High import tariffs and import bans were imposed several years ago to protect domestic manufacturing and to stimulate the production of substitutes. The collapse of Nigeria’s textile industry gave ammunition to the protectionist argument. In the nine years to 2004, employment was slashed by 64% because of cheap imports. Nigeria had 124 textile manufacturers in 1994; today there are 45.

However, the tariff system was complex and not always logical. Some analysts argue that it did more to encourage smuggling than it did to promote local production. National policy is now moving away from protectionism to a more open approach. An original list of 156 products has been systematically reduced and tariffs have been simplified.

In addition, attractive incentive packages now exist to promote industry. A manufacturer who imports raw materials in order to convert them into a product for export will only pay tariffs if the exports fail to materialise. If companies do research into the use of local raw materials, they can claim 140% back.
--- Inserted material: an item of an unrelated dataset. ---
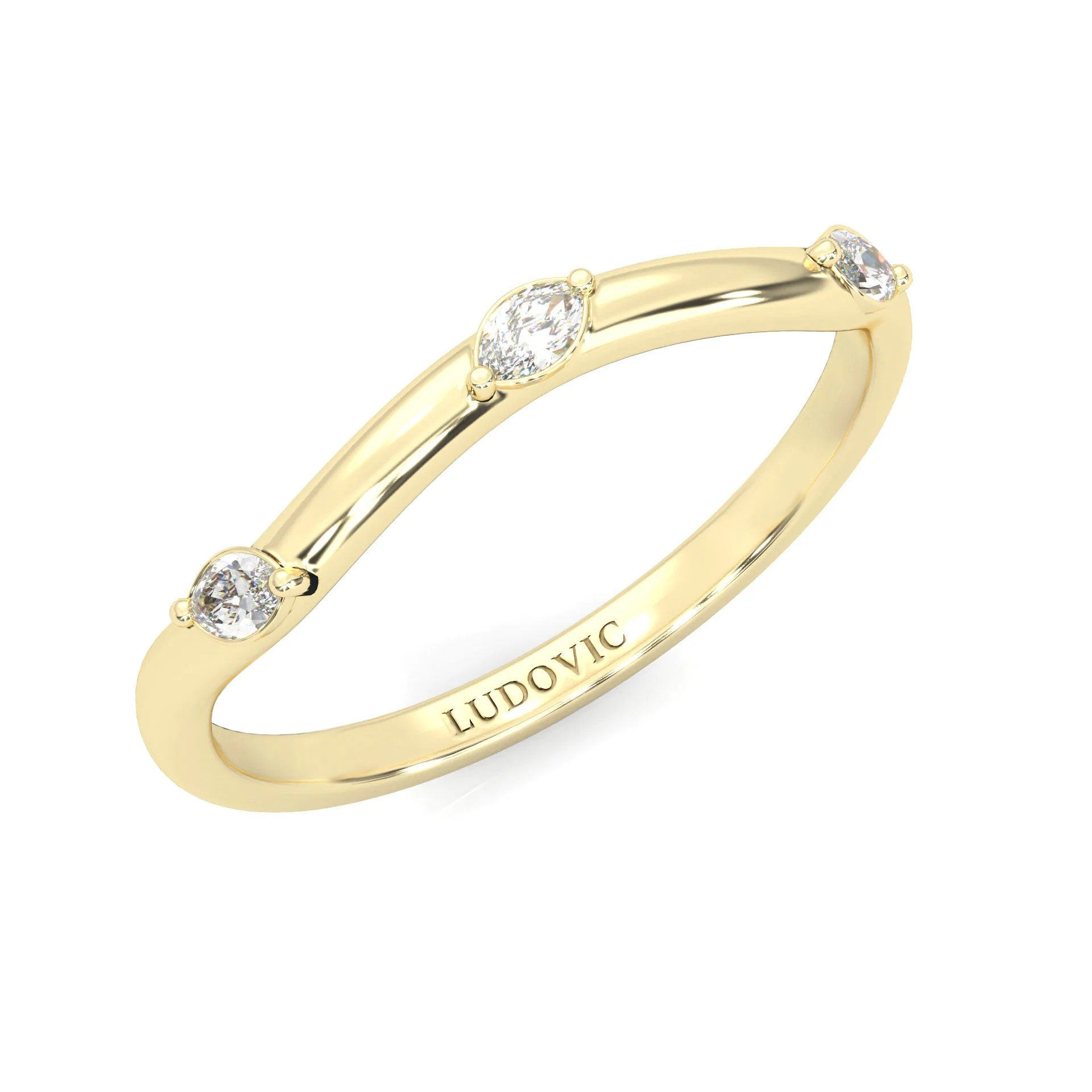 Unique Twist Wedding Set (14k Solid Yellow Gold) - Image 14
Free Trade Zones have also been set up in several parts of the country.
Special status has been accorded to industries that will serve as a catalyst for further development, the ‘Pioneer’ industries, with some investors able to enjoy long tax holidays.  The long list (which can be found NIPC website) includes textiles, industrial chemicals and non-metallic building materials such as brick and glass. 

Other targeted industries are those that will source their raw material locally, support food production or create a multiplier effect such as flat sheet mills, foundries and engineering. It is intensely irritating to many Nigerians that products such as laptops and cellphone casings are fully imported, yet they are made from petroleum by-products.

So petrochemical-based manufacturing is another focus area. Problems notwithstanding, there should be no doubt that Nigeria is very keen to attract industrial investment to its shores. As fDi, the magazine specialising in foreign direct investment states, ‘in its quest to attract foreign investment, the government does go to great lengths to smooth the way for investors’. At the forefront of that initiative is the Nigerian Investment Promotion Commission which has established a one-stop shop for potential foreign investors.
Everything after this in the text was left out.